INFORMATION SUPPLIED >>
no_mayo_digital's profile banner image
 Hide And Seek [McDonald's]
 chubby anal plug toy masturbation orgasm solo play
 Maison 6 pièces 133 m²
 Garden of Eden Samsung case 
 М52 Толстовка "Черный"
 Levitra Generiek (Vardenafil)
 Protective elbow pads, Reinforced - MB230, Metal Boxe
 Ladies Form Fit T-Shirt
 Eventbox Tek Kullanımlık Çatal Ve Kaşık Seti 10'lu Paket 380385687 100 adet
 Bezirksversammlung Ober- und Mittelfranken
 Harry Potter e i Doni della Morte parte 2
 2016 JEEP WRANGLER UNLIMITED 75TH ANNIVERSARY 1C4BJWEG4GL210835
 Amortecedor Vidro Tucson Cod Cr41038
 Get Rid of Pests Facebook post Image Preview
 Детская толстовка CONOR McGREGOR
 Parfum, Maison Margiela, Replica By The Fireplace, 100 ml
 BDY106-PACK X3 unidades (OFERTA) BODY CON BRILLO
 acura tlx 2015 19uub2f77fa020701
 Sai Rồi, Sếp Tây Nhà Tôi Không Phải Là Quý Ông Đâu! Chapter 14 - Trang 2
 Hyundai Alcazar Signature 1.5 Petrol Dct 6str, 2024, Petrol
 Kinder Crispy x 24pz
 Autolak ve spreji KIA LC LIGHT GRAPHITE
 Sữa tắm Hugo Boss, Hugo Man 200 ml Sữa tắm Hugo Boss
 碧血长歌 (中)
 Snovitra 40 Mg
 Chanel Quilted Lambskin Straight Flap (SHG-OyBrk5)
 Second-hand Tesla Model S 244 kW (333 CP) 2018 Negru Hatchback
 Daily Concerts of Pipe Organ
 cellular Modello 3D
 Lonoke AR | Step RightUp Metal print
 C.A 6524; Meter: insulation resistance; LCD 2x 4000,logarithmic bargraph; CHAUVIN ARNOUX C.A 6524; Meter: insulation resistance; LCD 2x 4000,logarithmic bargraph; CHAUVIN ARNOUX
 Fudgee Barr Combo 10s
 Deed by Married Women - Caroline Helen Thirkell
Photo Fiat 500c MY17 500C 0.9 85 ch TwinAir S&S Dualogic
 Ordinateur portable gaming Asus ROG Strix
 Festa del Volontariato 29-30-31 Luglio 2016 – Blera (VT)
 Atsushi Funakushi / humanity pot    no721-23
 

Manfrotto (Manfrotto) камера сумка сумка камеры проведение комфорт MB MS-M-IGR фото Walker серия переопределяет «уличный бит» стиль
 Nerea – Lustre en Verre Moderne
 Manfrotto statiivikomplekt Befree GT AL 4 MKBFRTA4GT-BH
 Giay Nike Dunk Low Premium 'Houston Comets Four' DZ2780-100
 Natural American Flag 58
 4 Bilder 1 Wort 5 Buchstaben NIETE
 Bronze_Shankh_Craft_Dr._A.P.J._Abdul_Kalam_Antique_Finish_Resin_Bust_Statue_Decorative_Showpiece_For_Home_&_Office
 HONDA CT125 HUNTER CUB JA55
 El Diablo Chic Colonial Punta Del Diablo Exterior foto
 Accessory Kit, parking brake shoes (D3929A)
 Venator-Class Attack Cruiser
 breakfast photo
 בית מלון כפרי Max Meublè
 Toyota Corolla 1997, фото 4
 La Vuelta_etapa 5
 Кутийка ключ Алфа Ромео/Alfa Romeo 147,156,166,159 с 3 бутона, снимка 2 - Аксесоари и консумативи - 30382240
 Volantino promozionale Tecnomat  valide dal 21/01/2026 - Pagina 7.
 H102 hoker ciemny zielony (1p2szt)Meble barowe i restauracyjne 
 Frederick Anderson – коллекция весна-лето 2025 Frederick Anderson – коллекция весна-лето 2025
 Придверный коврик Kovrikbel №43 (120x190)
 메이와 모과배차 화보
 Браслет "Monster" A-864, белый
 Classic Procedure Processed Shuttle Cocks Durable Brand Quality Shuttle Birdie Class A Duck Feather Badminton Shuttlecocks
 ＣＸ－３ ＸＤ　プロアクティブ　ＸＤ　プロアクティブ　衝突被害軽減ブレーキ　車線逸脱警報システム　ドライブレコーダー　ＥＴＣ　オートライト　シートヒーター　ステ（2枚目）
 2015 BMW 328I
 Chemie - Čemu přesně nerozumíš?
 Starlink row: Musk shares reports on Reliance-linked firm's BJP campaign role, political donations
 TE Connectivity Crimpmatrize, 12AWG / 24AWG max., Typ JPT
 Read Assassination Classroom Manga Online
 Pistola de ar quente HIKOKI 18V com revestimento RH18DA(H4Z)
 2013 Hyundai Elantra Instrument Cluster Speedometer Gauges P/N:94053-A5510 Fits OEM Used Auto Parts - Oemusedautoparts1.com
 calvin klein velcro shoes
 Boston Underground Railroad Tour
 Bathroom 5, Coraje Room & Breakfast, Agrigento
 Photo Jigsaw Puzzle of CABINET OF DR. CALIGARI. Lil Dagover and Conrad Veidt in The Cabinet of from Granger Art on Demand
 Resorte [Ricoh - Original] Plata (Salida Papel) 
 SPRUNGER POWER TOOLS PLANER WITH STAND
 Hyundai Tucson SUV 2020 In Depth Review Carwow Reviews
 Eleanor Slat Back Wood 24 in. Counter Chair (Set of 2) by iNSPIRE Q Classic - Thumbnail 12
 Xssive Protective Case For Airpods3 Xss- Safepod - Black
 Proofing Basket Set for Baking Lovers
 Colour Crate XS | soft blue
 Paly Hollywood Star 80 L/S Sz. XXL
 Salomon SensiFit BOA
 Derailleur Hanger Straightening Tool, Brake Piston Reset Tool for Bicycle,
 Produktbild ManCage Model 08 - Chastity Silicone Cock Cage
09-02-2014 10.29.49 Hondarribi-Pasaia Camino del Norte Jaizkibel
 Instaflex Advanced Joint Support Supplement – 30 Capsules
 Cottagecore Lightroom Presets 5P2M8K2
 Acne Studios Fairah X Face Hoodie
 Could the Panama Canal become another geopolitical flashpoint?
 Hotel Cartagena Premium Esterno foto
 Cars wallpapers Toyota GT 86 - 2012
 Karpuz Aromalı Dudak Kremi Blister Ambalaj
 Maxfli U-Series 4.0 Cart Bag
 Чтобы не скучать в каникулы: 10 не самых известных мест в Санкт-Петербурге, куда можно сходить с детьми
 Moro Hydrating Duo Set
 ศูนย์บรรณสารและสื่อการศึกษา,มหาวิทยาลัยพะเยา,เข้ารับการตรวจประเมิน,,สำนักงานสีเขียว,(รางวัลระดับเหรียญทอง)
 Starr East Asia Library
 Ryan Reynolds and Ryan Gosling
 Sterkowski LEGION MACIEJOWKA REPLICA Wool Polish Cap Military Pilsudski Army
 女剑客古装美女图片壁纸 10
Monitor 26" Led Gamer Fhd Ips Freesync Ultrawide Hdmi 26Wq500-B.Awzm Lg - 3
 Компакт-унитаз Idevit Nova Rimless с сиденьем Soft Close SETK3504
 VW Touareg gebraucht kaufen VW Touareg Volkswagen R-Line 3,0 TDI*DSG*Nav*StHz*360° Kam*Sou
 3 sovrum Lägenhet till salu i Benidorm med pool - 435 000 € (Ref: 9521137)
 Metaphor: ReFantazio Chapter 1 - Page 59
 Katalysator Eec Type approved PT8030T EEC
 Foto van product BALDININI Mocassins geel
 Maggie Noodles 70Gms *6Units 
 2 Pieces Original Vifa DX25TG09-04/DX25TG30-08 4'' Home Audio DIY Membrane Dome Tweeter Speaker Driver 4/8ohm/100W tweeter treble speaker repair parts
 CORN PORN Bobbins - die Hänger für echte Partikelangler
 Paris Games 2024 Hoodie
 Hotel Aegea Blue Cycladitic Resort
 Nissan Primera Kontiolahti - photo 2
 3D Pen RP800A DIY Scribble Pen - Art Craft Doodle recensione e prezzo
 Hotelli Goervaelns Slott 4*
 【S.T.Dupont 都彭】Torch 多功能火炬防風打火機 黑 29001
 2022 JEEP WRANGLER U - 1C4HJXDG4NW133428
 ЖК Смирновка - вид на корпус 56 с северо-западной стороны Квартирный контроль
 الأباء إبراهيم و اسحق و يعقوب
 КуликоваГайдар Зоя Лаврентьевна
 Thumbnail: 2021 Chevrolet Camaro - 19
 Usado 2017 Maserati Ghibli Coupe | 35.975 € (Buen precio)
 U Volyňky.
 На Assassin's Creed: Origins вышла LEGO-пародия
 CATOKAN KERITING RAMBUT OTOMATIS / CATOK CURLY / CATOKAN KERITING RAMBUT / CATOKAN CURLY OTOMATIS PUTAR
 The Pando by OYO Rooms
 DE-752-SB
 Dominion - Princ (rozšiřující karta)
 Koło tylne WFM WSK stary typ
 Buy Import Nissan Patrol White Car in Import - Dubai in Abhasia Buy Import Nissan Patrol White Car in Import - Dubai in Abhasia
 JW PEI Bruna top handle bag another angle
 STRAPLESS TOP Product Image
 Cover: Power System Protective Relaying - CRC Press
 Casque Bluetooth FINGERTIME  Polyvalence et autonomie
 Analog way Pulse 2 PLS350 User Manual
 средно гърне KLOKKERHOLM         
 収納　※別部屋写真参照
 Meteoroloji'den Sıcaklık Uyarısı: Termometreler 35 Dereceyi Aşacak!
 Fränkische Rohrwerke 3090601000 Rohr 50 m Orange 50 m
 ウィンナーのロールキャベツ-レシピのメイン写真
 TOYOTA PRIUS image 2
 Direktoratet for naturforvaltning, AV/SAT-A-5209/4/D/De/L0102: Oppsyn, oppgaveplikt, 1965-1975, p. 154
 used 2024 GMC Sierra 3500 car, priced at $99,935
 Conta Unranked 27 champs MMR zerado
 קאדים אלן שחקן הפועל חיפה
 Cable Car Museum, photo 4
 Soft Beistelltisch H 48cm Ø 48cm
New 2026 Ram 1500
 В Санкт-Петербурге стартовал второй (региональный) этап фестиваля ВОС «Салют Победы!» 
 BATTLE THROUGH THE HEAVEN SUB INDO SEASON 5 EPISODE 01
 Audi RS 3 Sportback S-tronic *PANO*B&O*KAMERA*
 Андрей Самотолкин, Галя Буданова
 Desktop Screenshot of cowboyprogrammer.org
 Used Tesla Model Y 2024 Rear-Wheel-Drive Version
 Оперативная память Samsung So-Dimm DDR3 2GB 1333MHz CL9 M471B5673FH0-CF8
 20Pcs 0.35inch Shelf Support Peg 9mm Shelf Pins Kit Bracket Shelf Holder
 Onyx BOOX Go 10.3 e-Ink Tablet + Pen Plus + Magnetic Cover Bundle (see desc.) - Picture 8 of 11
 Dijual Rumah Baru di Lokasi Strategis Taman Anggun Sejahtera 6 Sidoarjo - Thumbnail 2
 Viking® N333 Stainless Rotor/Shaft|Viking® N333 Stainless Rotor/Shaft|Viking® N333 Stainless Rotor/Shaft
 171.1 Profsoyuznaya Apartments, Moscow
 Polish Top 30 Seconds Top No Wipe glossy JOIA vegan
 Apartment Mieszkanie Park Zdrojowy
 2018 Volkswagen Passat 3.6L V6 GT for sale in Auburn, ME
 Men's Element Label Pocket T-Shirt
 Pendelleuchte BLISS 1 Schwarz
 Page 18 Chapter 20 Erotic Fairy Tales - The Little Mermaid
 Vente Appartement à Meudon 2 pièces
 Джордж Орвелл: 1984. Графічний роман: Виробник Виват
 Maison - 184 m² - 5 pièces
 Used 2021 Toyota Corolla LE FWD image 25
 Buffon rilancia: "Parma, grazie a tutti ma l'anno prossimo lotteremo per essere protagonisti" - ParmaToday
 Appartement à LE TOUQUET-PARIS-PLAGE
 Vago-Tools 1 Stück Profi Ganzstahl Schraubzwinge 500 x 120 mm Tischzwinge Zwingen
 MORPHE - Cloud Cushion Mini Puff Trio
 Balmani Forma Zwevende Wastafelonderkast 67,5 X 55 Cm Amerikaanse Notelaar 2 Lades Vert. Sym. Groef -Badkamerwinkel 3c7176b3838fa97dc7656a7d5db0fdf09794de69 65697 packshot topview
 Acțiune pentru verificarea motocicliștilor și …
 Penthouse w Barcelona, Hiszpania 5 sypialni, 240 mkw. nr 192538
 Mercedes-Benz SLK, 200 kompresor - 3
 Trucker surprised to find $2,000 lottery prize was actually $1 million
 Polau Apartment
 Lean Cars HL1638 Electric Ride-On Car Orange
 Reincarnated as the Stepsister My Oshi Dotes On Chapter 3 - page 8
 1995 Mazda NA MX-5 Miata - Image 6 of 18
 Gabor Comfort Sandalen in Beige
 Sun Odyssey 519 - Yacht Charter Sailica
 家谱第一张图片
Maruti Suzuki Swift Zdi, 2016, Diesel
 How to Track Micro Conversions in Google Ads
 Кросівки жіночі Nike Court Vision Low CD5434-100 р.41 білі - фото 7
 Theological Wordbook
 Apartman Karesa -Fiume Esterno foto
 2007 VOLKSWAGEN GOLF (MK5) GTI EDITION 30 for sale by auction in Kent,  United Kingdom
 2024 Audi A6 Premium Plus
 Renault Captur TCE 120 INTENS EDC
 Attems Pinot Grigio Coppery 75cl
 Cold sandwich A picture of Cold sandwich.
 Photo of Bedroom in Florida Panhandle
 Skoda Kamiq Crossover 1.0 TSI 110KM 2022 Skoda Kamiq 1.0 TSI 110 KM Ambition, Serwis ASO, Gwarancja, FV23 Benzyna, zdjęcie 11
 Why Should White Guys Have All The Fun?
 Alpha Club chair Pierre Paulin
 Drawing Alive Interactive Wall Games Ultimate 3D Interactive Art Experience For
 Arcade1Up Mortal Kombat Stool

GOAL OF THE EXERCISE >> Whatever lies between the line containing "Gabor Comfort Sandalen in Beige" and the final line above, both included, must be returned exactly.

SOLVED PROBLEM >>
 Gabor Comfort Sandalen in Beige
 Sun Odyssey 519 - Yacht Charter Sailica
 家谱第一张图片
Maruti Suzuki Swift Zdi, 2016, Diesel
 How to Track Micro Conversions in Google Ads
 Кросівки жіночі Nike Court Vision Low CD5434-100 р.41 білі - фото 7
 Theological Wordbook
 Apartman Karesa -Fiume Esterno foto
 2007 VOLKSWAGEN GOLF (MK5) GTI EDITION 30 for sale by auction in Kent,  United Kingdom
 2024 Audi A6 Premium Plus
 Renault Captur TCE 120 INTENS EDC
 Attems Pinot Grigio Coppery 75cl
 Cold sandwich A picture of Cold sandwich.
 Photo of Bedroom in Florida Panhandle
 Skoda Kamiq Crossover 1.0 TSI 110KM 2022 Skoda Kamiq 1.0 TSI 110 KM Ambition, Serwis ASO, Gwarancja, FV23 Benzyna, zdjęcie 11
 Why Should White Guys Have All The Fun?
 Alpha Club chair Pierre Paulin
 Drawing Alive Interactive Wall Games Ultimate 3D Interactive Art Experience For
 Arcade1Up Mortal Kombat Stool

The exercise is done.